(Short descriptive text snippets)
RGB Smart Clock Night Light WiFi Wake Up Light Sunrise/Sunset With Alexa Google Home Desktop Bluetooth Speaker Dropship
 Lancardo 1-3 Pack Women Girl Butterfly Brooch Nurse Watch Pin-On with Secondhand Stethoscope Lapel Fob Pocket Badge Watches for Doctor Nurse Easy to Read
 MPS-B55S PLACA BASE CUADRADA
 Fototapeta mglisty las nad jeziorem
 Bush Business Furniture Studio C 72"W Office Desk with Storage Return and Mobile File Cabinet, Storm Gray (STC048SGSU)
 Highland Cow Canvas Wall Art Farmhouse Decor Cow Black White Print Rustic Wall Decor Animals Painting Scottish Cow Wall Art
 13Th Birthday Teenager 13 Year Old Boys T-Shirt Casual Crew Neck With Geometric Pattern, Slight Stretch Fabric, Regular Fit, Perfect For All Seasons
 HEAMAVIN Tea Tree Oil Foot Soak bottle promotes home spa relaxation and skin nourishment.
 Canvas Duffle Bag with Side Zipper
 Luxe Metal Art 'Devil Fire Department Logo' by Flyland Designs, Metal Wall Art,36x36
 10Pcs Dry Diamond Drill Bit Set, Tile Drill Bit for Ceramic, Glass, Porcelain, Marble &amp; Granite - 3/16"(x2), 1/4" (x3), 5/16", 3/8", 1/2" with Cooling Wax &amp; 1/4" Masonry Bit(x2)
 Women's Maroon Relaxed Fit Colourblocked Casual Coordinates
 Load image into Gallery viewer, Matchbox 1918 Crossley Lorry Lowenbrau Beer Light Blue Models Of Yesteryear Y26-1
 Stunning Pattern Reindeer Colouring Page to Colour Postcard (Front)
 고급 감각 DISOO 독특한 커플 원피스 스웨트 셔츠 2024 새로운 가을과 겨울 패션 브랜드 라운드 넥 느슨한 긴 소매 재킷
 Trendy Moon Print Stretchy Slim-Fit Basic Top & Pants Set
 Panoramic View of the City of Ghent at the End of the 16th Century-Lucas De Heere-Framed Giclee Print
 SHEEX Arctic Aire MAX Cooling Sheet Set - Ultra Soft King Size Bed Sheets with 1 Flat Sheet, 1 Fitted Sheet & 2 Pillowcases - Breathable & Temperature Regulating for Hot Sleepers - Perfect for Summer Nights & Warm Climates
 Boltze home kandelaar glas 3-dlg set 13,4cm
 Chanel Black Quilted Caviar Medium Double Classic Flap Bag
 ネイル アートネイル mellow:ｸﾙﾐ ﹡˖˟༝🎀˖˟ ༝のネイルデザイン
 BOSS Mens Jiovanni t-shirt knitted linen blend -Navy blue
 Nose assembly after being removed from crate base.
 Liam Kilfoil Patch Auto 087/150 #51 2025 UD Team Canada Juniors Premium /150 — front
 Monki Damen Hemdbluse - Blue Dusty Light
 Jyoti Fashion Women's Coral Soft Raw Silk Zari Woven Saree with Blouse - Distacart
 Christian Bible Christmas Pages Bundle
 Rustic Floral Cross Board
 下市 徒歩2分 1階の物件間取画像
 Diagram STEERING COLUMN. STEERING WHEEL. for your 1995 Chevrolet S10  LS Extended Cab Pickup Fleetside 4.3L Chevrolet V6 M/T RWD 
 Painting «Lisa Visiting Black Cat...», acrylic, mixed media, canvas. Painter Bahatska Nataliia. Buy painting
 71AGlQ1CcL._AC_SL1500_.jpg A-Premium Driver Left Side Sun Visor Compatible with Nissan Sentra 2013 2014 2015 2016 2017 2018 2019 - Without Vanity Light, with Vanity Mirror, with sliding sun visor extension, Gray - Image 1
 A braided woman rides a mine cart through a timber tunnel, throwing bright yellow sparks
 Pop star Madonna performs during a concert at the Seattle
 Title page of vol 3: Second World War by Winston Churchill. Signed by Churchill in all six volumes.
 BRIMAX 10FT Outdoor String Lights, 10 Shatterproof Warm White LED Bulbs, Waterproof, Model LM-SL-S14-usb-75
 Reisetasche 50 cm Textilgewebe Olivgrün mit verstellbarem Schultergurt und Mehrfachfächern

### Your objective
Print the entire set of records again, exactly.

### Written solution
RGB Smart Clock Night Light WiFi Wake Up Light Sunrise/Sunset With Alexa Google Home Desktop Bluetooth Speaker Dropship
 Lancardo 1-3 Pack Women Girl Butterfly Brooch Nurse Watch Pin-On with Secondhand Stethoscope Lapel Fob Pocket Badge Watches for Doctor Nurse Easy to Read
 MPS-B55S PLACA BASE CUADRADA
 Fototapeta mglisty las nad jeziorem
 Bush Business Furniture Studio C 72"W Office Desk with Storage Return and Mobile File Cabinet, Storm Gray (STC048SGSU)
 Highland Cow Canvas Wall Art Farmhouse Decor Cow Black White Print Rustic Wall Decor Animals Painting Scottish Cow Wall Art
 13Th Birthday Teenager 13 Year Old Boys T-Shirt Casual Crew Neck With Geometric Pattern, Slight Stretch Fabric, Regular Fit, Perfect For All Seasons
 HEAMAVIN Tea Tree Oil Foot Soak bottle promotes home spa relaxation and skin nourishment.
 Canvas Duffle Bag with Side Zipper
 Luxe Metal Art 'Devil Fire Department Logo' by Flyland Designs, Metal Wall Art,36x36
 10Pcs Dry Diamond Drill Bit Set, Tile Drill Bit for Ceramic, Glass, Porcelain, Marble &amp; Granite - 3/16"(x2), 1/4" (x3), 5/16", 3/8", 1/2" with Cooling Wax &amp; 1/4" Masonry Bit(x2)
 Women's Maroon Relaxed Fit Colourblocked Casual Coordinates
 Load image into Gallery viewer, Matchbox 1918 Crossley Lorry Lowenbrau Beer Light Blue Models Of Yesteryear Y26-1
 Stunning Pattern Reindeer Colouring Page to Colour Postcard (Front)
 고급 감각 DISOO 독특한 커플 원피스 스웨트 셔츠 2024 새로운 가을과 겨울 패션 브랜드 라운드 넥 느슨한 긴 소매 재킷
 Trendy Moon Print Stretchy Slim-Fit Basic Top & Pants Set
 Panoramic View of the City of Ghent at the End of the 16th Century-Lucas De Heere-Framed Giclee Print
 SHEEX Arctic Aire MAX Cooling Sheet Set - Ultra Soft King Size Bed Sheets with 1 Flat Sheet, 1 Fitted Sheet & 2 Pillowcases - Breathable & Temperature Regulating for Hot Sleepers - Perfect for Summer Nights & Warm Climates
 Boltze home kandelaar glas 3-dlg set 13,4cm
 Chanel Black Quilted Caviar Medium Double Classic Flap Bag
 ネイル アートネイル mellow:ｸﾙﾐ ﹡˖˟༝🎀˖˟ ༝のネイルデザイン
 BOSS Mens Jiovanni t-shirt knitted linen blend -Navy blue
 Nose assembly after being removed from crate base.
 Liam Kilfoil Patch Auto 087/150 #51 2025 UD Team Canada Juniors Premium /150 — front
 Monki Damen Hemdbluse - Blue Dusty Light
 Jyoti Fashion Women's Coral Soft Raw Silk Zari Woven Saree with Blouse - Distacart
 Christian Bible Christmas Pages Bundle
 Rustic Floral Cross Board
 下市 徒歩2分 1階の物件間取画像
 Diagram STEERING COLUMN. STEERING WHEEL. for your 1995 Chevrolet S10  LS Extended Cab Pickup Fleetside 4.3L Chevrolet V6 M/T RWD 
 Painting «Lisa Visiting Black Cat...», acrylic, mixed media, canvas. Painter Bahatska Nataliia. Buy painting
 71AGlQ1CcL._AC_SL1500_.jpg A-Premium Driver Left Side Sun Visor Compatible with Nissan Sentra 2013 2014 2015 2016 2017 2018 2019 - Without Vanity Light, with Vanity Mirror, with sliding sun visor extension, Gray - Image 1
 A braided woman rides a mine cart through a timber tunnel, throwing bright yellow sparks
 Pop star Madonna performs during a concert at the Seattle
 Title page of vol 3: Second World War by Winston Churchill. Signed by Churchill in all six volumes.
 BRIMAX 10FT Outdoor String Lights, 10 Shatterproof Warm White LED Bulbs, Waterproof, Model LM-SL-S14-usb-75
 Reisetasche 50 cm Textilgewebe Olivgrün mit verstellbarem Schultergurt und Mehrfachfächern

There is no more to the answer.